What Are Common Horse Dental Problems?

There are a number of details why the horses’ teeth need to be checked regularly, as they can help identify certain problems in the mouth area. There stay a number of common dental problems that have been found with horses throughout time, including common issues such as excessively worn teeth, long teeth, and infected gums or teeth.

One of the main issues that dentists working with horses will be keen to find at an early stage are gum disease and retained caps. When it comes to performance horses some of the key factors that could have a direct impact on how a horse performs may stem from a dental problem, including discomfort when biting and hooks forming in the upper or lower cheek tooth.

Both of these issues will have a direct impact on the horse and their ability to eat, which means that the horse won’t be as strong when it comes to performing on the big day. Regular check-ups help solve these issues at an early stage, and ensure that the performance of the horse isn’t in doubt.
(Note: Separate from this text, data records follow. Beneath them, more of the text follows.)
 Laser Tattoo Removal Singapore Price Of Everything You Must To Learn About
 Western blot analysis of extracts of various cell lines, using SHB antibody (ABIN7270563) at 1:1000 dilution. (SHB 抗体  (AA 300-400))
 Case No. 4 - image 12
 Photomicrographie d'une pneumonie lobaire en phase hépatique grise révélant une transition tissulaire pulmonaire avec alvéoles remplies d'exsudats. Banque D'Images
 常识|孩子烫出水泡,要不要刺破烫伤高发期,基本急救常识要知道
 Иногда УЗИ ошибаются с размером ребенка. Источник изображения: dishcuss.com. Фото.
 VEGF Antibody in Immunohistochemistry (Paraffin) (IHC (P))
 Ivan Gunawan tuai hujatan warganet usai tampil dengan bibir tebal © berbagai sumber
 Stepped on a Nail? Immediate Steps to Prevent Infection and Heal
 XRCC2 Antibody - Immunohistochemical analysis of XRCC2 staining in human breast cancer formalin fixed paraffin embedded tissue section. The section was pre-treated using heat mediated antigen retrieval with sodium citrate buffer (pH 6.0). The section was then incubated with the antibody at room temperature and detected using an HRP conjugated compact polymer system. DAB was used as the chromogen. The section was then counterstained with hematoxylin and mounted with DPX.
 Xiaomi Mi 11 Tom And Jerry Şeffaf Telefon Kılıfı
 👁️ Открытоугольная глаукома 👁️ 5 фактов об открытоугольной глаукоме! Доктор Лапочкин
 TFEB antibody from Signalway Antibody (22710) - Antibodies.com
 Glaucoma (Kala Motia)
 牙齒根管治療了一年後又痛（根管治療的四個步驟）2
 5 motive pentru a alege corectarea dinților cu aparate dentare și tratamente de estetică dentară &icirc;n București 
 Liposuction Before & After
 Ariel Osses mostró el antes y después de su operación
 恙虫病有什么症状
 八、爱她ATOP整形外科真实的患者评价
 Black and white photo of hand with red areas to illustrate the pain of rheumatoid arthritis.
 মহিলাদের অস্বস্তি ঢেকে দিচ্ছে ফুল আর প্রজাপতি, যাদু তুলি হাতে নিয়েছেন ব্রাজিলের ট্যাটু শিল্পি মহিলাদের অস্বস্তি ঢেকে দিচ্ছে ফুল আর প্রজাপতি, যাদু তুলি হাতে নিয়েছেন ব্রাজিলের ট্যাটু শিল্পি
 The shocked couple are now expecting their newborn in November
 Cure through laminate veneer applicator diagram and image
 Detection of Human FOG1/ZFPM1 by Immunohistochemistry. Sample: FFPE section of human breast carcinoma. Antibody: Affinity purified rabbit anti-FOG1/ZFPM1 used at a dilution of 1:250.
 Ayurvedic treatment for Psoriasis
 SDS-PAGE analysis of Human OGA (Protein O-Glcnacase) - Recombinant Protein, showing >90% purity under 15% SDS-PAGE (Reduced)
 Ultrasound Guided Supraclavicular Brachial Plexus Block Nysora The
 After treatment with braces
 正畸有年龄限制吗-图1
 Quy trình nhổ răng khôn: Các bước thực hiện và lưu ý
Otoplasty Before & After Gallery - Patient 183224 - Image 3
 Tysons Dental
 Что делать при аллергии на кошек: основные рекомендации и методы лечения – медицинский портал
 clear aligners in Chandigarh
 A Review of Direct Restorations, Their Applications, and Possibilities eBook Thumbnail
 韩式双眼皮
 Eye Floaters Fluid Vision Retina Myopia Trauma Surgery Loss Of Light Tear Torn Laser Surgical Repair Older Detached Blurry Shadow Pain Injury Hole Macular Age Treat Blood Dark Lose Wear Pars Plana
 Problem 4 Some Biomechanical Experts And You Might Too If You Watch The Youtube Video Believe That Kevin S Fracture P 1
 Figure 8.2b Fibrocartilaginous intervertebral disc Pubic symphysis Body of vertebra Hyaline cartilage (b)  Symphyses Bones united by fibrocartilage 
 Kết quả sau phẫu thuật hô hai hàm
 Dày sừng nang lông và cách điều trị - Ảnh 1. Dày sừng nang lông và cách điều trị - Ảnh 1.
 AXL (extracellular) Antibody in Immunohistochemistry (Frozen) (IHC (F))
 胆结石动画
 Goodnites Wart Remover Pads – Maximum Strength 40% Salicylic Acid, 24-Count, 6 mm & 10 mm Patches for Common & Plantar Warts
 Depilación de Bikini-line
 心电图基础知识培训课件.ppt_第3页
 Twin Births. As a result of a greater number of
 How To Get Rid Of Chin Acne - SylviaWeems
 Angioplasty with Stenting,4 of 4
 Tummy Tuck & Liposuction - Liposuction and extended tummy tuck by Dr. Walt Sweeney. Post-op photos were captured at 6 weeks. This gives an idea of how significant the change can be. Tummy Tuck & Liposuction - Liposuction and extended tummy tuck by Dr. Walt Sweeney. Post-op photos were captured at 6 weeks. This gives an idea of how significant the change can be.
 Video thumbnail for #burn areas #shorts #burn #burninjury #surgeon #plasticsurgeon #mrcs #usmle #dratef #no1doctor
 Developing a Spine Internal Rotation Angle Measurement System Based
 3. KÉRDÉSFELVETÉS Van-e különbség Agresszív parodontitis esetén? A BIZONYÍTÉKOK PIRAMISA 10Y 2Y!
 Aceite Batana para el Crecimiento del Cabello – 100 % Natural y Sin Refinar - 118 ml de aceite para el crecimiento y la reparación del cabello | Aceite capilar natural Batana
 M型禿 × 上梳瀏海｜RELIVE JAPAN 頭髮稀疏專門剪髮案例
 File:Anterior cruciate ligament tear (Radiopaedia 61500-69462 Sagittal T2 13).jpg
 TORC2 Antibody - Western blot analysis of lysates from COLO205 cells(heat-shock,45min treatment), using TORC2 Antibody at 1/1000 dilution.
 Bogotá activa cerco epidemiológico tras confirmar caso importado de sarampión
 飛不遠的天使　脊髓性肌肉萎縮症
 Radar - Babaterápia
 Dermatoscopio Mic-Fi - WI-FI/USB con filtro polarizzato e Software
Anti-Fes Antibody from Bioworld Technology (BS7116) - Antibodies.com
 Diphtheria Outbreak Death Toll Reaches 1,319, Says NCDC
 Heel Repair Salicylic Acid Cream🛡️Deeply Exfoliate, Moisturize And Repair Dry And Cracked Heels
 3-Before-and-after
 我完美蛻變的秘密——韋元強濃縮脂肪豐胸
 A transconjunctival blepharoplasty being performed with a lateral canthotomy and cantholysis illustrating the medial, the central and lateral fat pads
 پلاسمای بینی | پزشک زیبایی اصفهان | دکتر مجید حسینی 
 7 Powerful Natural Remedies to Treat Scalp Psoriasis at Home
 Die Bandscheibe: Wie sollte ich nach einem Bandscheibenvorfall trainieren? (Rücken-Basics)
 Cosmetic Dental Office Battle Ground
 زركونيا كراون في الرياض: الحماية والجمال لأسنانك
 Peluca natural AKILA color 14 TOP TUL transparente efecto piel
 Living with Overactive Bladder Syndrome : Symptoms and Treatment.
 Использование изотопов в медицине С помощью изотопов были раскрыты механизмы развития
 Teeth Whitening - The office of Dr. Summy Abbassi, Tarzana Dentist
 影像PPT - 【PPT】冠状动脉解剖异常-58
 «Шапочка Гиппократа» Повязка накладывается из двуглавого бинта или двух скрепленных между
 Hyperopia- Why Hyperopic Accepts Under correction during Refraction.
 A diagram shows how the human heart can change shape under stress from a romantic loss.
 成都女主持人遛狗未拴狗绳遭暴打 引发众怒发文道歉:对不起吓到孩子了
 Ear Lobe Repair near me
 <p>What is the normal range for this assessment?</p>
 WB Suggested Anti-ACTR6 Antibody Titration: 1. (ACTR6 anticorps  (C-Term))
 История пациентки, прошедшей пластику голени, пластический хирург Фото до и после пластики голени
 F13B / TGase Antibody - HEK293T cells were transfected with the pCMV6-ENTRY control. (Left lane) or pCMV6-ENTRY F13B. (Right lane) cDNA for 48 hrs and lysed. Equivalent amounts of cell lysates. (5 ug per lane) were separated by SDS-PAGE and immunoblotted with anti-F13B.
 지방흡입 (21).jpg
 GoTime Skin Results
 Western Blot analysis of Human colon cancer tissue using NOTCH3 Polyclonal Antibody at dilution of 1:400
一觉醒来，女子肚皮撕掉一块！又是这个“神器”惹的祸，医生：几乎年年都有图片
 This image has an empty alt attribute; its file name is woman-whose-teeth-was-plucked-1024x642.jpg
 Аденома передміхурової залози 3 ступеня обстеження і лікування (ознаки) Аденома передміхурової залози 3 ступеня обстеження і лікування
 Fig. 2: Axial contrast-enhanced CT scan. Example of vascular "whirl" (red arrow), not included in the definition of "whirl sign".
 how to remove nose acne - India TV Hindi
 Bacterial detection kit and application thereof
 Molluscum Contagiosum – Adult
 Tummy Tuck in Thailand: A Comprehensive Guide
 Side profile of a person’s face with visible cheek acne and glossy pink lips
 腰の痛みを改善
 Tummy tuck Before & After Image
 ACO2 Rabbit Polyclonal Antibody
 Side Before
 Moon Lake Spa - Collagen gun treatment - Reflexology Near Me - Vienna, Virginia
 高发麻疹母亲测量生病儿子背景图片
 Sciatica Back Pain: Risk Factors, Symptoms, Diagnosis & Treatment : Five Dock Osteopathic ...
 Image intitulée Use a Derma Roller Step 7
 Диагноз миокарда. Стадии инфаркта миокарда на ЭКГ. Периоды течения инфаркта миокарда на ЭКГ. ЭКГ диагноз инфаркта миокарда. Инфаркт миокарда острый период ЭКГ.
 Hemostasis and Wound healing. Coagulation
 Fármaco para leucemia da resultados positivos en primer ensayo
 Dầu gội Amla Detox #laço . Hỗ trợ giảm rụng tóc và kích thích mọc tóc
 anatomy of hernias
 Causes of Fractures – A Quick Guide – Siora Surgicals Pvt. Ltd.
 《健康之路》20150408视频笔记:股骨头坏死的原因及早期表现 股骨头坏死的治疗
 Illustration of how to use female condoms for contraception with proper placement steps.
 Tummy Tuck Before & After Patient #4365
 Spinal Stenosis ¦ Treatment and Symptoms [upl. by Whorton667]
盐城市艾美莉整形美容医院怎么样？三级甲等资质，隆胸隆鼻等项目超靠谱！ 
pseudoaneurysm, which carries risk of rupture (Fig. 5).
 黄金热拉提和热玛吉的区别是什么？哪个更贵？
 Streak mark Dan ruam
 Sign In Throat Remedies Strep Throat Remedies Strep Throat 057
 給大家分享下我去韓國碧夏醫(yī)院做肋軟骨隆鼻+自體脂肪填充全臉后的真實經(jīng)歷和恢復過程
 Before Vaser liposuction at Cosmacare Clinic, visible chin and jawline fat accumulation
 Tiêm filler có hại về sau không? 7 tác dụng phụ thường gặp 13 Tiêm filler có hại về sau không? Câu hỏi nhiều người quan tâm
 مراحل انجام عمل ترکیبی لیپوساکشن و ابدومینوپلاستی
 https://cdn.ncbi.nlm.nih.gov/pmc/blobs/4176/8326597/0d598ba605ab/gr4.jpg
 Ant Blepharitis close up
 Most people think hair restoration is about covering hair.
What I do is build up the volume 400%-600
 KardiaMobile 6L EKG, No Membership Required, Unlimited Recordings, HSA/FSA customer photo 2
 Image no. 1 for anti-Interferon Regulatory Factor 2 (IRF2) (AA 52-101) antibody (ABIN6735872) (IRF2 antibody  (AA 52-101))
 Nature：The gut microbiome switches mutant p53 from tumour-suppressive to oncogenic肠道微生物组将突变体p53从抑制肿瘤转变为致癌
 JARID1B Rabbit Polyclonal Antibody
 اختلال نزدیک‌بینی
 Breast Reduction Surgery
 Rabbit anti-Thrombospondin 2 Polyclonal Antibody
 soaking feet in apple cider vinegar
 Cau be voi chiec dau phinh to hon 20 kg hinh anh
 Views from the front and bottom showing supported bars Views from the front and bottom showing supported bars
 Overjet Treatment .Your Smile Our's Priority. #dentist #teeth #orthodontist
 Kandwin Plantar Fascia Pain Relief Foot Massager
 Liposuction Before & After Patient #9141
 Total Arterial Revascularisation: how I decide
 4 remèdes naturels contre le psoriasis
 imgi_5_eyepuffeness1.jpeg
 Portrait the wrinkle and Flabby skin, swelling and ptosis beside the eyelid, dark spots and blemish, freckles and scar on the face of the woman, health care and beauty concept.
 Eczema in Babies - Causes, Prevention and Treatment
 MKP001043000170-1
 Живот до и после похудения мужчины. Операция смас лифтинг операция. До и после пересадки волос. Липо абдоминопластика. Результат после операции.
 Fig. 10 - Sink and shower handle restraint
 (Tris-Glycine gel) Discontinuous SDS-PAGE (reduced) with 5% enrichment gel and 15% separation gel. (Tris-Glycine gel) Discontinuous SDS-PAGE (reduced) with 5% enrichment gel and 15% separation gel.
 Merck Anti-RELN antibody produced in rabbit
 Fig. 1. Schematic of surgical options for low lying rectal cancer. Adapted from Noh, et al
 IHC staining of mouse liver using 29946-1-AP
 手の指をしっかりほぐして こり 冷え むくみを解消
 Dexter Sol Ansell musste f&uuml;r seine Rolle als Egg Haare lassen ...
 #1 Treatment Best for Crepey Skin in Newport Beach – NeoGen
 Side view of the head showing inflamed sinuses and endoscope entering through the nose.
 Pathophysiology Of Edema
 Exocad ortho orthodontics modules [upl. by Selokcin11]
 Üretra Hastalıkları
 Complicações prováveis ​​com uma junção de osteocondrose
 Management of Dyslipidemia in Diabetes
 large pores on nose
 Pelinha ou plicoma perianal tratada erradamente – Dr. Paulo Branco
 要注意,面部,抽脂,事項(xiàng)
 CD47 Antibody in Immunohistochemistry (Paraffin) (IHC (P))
How To Recognise Dentals Problems

As a horse’s caregiver or groom, it is often their job to pinpoint early signs that their horse could have an issue with their mouth or gums. There are a number of signs that could help pinpoint problems for an early stage, including horses that lose their appetite. Horses that aren’t eating as frequently as before would be a clear indication, as they would be worried to bite as the pain could cause them that much discomfort.

Meanwhile, the loss of body condition is another big indicator when it comes to finding an early problem with the gums. Other ways to recognize early dental problems include assessing whether the horse has swollen up on their face or has traces of blood or a foul odor coming from their mouth or nostrils.

Horses that just generally look unhappy could also have something wrong with their mouth or gums, as animals that are tossing, tilting their head or bit chewing could have dental issues that need addressing in the near future.